WORK TASK => Images are not part of the copy; transcribe all the data exactly.

COLLECTED MATERIAL =>
________

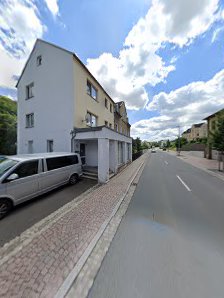 KfZ-Meisterbetrieb Hofmann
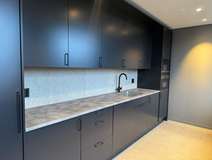 Ledig lokal på Staffans väg 2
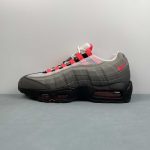 NIKE AIR MAX 95 OG - Image 6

________

ANSWER FOR THE TASK =>
 KfZ-Meisterbetrieb Hofmann
 Ledig lokal på Staffans väg 2
 NIKE AIR MAX 95 OG - Image 6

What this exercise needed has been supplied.